The New Economy and the Tariffs and Tax Breaks to Launch It

There are multiple sources to this commentary on Trumps Tariffs and Tariffs in gemeral. I have linked to each if you wish additional information or check my comments further.

Introduction

Process to Estimate the Revenue Impact of a Tariff

To estimate how much revenue a universal tariff raises? We start with a baseline projection of goods imports over the next decade. Imposing a tax on imports would reduce purchases of foreign-produced goods, resulting in fewer imports. We apply an import elasticity of -1 to project how imports would fall in response to a 10 percent tariff and a 20 percent tariff. How much imports shrink thus varies with the applied tariff rate, implying that doubling the rate does not double the revenue.

From there, we multiply the import tax base by the inclusive tariff rate (the rate divided by one plus the rate) to estimate initial customs duty revenue raised under perfect compliance before making an adjustment to reflect an 85 percent compliance rate, which represents the average tax gap.

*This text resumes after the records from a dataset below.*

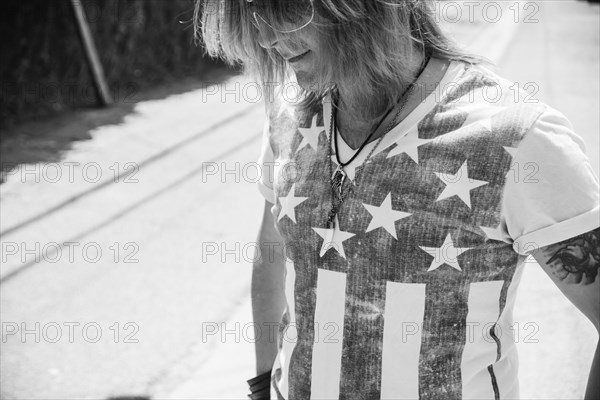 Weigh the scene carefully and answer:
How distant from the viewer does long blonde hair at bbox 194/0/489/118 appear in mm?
1123

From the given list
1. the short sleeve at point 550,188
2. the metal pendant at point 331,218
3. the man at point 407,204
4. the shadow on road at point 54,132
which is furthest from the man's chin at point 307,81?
the shadow on road at point 54,132

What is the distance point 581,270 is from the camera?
3.34 feet

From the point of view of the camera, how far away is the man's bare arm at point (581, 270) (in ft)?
3.26

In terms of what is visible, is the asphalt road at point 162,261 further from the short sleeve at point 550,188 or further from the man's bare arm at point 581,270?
the short sleeve at point 550,188

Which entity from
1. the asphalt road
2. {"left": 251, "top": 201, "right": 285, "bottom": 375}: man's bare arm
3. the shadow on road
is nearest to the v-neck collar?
{"left": 251, "top": 201, "right": 285, "bottom": 375}: man's bare arm

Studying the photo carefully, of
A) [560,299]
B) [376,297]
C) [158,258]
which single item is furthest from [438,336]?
[158,258]

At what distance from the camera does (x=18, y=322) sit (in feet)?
12.1

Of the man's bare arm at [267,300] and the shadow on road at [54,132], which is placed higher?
the man's bare arm at [267,300]

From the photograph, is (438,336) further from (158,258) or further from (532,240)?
(158,258)

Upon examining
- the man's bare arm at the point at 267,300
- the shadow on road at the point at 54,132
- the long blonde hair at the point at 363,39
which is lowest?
the shadow on road at the point at 54,132

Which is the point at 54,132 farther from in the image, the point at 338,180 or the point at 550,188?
the point at 550,188

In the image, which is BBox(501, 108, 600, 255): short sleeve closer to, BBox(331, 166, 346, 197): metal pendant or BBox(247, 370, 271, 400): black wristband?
BBox(331, 166, 346, 197): metal pendant

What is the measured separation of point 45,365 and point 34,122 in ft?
13.7

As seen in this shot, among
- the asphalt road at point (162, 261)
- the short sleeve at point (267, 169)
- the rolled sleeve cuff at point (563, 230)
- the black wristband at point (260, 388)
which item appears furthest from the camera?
the asphalt road at point (162, 261) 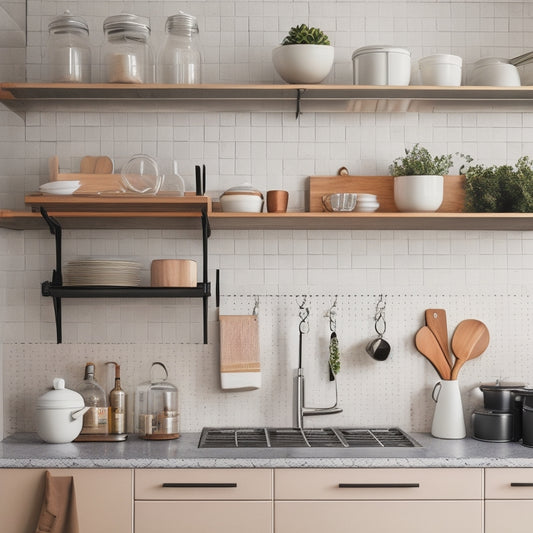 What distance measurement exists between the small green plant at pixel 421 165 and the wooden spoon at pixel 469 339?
647 mm

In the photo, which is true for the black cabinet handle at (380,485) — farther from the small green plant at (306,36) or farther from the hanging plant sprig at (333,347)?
the small green plant at (306,36)

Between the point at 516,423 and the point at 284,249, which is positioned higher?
the point at 284,249

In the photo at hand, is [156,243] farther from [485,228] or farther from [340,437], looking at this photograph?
[485,228]

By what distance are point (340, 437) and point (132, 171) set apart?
134 centimetres

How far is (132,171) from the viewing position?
313cm

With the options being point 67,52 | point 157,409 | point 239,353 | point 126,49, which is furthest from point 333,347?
point 67,52

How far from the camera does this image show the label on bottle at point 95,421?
3.08 metres

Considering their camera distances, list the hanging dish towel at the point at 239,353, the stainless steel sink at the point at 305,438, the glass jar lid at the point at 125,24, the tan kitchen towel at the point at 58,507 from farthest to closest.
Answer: the hanging dish towel at the point at 239,353 < the glass jar lid at the point at 125,24 < the stainless steel sink at the point at 305,438 < the tan kitchen towel at the point at 58,507

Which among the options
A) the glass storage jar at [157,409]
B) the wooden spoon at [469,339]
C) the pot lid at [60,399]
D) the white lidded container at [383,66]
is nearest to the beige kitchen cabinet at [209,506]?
the glass storage jar at [157,409]

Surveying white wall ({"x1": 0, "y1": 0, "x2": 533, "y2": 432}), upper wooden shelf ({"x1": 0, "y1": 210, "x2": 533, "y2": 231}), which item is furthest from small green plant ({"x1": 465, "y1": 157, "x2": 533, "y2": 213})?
white wall ({"x1": 0, "y1": 0, "x2": 533, "y2": 432})

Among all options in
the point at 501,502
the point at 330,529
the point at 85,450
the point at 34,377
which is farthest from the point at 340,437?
the point at 34,377

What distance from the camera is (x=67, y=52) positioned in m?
3.08

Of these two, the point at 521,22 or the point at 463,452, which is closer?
the point at 463,452

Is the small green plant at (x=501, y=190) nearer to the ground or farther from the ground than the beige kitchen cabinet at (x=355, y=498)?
farther from the ground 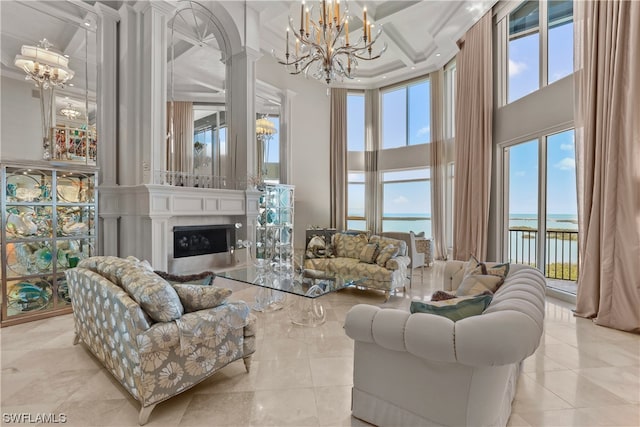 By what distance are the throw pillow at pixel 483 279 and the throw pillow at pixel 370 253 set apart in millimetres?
1938

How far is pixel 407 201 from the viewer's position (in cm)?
834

After the compliance adjustments and before accounting for income and payroll tax offsets; we estimate a 10 percent universal tariff would generate $2.7 trillion of customs duty revenues and a 20 percent universal tariff would generate $4.5 trillion of customs duty revenues.

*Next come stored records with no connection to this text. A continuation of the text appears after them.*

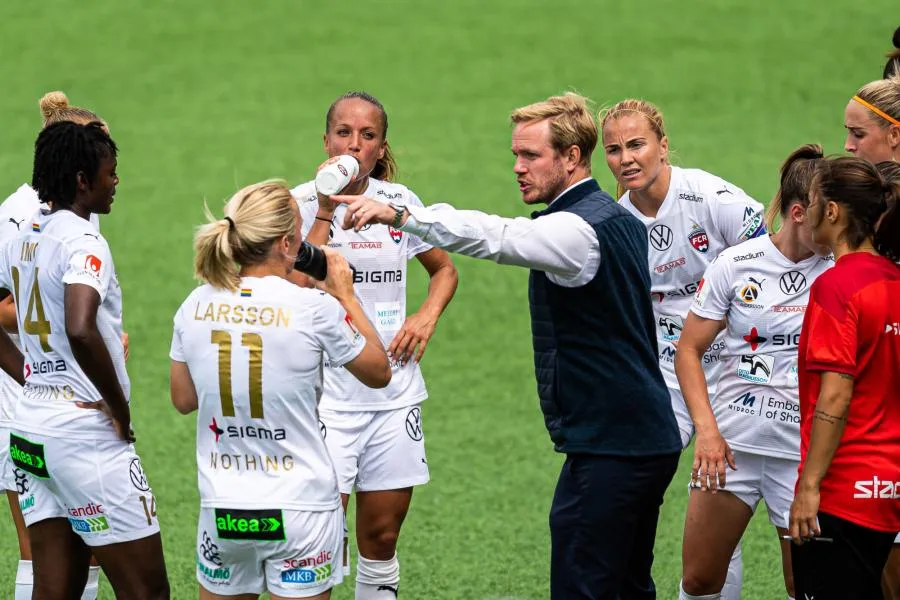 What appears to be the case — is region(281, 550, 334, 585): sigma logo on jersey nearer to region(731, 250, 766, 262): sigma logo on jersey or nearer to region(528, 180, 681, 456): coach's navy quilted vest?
region(528, 180, 681, 456): coach's navy quilted vest

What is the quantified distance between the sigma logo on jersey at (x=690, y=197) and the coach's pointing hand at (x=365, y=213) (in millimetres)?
2349

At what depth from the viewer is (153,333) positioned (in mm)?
10906

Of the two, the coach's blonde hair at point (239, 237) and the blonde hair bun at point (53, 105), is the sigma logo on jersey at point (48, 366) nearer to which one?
the coach's blonde hair at point (239, 237)

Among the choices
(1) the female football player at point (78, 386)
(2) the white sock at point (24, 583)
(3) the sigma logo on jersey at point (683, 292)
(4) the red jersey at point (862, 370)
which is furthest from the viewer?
(3) the sigma logo on jersey at point (683, 292)

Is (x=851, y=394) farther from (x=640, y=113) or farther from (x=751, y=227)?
(x=640, y=113)

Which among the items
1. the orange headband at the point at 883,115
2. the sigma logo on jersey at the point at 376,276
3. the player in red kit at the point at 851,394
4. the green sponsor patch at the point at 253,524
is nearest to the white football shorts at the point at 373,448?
the sigma logo on jersey at the point at 376,276

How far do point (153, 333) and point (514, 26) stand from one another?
28.8ft

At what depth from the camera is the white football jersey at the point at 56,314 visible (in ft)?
15.4

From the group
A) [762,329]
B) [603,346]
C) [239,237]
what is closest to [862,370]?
[603,346]

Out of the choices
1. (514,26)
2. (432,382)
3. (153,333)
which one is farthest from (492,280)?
(514,26)

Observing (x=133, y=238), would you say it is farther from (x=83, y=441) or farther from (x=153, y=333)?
(x=83, y=441)

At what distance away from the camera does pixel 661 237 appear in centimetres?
627

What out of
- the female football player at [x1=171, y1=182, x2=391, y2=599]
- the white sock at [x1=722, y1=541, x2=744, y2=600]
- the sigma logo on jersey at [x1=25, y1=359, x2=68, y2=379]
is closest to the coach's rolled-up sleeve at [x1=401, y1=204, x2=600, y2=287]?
the female football player at [x1=171, y1=182, x2=391, y2=599]

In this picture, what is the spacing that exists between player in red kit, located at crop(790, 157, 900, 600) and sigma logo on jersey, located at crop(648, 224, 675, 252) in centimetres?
188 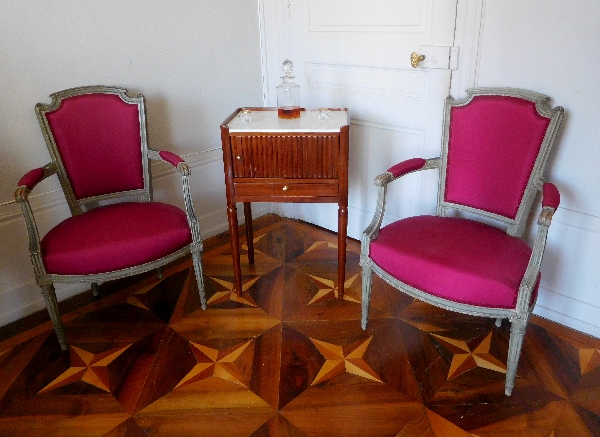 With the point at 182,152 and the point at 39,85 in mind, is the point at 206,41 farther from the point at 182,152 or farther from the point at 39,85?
the point at 39,85

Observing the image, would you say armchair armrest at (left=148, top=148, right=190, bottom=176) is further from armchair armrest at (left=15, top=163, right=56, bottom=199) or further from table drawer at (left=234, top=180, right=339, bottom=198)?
armchair armrest at (left=15, top=163, right=56, bottom=199)

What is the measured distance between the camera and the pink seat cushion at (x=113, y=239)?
1.51 metres

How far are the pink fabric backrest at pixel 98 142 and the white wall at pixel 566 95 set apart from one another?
1.35m

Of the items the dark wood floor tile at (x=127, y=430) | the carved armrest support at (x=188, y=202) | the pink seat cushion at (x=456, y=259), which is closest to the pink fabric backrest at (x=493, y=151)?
the pink seat cushion at (x=456, y=259)

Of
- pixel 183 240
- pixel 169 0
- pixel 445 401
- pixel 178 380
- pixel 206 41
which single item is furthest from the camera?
pixel 206 41

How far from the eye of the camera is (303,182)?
1.69 metres

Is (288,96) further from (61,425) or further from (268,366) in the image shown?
(61,425)

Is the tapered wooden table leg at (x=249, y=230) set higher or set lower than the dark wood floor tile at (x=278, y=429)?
higher

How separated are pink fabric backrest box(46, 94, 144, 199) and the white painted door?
87cm

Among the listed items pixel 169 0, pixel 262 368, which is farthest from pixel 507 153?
pixel 169 0

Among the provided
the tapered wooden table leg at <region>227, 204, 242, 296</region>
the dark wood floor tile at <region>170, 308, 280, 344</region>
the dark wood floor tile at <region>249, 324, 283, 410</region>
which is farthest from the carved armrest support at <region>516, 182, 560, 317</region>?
the tapered wooden table leg at <region>227, 204, 242, 296</region>

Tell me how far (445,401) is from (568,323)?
2.16 feet

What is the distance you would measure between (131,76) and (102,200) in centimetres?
54

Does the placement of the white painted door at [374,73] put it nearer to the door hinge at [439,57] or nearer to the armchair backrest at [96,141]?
the door hinge at [439,57] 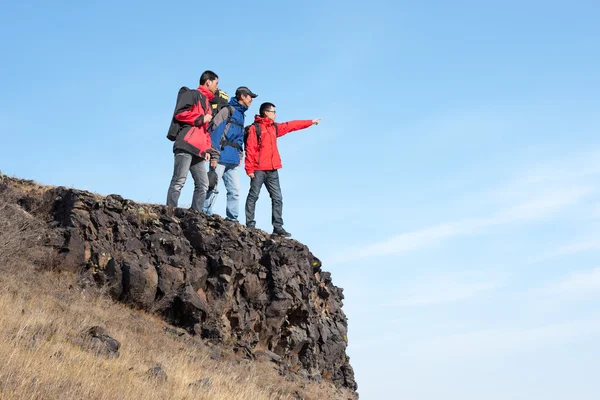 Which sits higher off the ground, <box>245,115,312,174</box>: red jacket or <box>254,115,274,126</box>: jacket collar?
<box>254,115,274,126</box>: jacket collar

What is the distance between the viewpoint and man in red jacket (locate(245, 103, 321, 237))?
580 inches

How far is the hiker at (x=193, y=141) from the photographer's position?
1295 cm

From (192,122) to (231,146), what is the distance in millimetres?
1758

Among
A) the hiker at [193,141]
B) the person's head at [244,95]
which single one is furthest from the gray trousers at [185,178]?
the person's head at [244,95]

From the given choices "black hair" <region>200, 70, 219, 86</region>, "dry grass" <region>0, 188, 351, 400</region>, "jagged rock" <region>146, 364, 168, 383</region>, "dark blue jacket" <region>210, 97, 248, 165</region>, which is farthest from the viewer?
"dark blue jacket" <region>210, 97, 248, 165</region>

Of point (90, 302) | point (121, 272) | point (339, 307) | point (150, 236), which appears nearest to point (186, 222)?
point (150, 236)

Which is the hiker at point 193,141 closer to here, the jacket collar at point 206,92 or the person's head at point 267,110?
the jacket collar at point 206,92

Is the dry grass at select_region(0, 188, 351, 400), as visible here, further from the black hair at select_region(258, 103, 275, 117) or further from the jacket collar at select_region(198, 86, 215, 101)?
the black hair at select_region(258, 103, 275, 117)

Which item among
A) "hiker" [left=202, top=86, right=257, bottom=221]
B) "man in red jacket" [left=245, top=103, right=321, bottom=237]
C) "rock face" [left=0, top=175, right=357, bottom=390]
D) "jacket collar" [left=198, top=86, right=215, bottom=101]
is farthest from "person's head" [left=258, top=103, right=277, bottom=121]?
"rock face" [left=0, top=175, right=357, bottom=390]

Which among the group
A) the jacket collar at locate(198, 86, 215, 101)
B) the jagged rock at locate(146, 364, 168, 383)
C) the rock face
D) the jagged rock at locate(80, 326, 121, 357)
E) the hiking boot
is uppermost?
the jacket collar at locate(198, 86, 215, 101)

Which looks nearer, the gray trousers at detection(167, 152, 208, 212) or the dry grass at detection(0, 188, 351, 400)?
the dry grass at detection(0, 188, 351, 400)

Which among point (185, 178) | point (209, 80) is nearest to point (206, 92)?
point (209, 80)

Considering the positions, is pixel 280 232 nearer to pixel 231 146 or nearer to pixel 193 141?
pixel 231 146

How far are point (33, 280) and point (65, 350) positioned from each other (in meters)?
3.01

The total revenue raised will be less than the customs duty revenue generated by the tariff because tariffs reduce incomes (taxes paid as mentioned above), reducing income and payroll tax collections. Accounting for income and payroll tax offsets, our conventional revenue estimate finds that the 10 percent tariff would generate $2 trillion of increased revenue, while the 20 percent tariff would generate $3.3 trillion over a decade.

And The Economy?

Second Term President Trump once said during his first term. One of his primary foreign policy goals was to rein in global adversaries like China and take U.S. trade partners to task for growing trade deficits (defined as U.S. imports exceeding exports). Trump’s approach to achieving this goal was enacting tariffs, especially focusing on China. These tariffs have negatively impacted trade between the U.S. and China, leading importers to shift toward Mexico’s west coast instead of shipping directly to the United States. As a result, trade between Mexico and China has grown by 60% in one year. And . . . product was being trucked north to the U.S. The tariffs have been circumvented with an additional step. Mexico gained and the US? Nothing . . .

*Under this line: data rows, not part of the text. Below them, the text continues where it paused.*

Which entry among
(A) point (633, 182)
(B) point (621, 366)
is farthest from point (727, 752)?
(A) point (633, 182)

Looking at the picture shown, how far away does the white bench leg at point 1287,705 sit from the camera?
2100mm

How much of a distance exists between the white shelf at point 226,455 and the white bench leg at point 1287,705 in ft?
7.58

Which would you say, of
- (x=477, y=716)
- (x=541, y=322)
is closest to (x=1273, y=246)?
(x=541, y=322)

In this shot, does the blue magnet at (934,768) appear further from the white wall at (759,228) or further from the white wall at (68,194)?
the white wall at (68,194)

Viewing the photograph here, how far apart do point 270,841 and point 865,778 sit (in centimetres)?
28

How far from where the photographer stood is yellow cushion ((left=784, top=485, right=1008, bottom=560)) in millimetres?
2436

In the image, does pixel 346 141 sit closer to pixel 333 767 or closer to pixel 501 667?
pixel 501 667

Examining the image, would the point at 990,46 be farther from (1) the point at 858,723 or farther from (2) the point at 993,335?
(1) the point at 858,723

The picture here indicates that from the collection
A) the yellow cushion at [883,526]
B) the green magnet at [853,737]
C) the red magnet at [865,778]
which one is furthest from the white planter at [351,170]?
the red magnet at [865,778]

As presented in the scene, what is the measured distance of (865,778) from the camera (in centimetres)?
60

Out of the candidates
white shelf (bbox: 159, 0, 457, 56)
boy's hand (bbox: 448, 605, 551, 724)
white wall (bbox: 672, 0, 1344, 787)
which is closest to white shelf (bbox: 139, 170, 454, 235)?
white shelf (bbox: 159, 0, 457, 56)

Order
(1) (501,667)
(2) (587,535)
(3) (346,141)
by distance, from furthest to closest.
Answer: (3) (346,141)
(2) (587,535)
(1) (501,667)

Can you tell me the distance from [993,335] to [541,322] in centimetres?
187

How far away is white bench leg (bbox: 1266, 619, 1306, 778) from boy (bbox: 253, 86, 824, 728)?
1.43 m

The tariffs were supposed to benefit the average American citizen, who would then buy cheaper products made at home. Another example and this time with Steel. The US attempted to stop the sale ofa steel company. In one politically charged example, U.S. Steel made the first moves to sell the company to the Japan-based Nippon Steel Corporation despite decades of government subsidies. Strategically, this would have been a good idea if the plant was modern. It wasn’t. Chance are, China will lose on this sale.

That did not become the reality. The policy goal of creating and safeguarding American jobs failed. A 2021 study by the U.S.-China Business Council found the Trump tariffs resulted in an estimated 245,000 American jobs lost.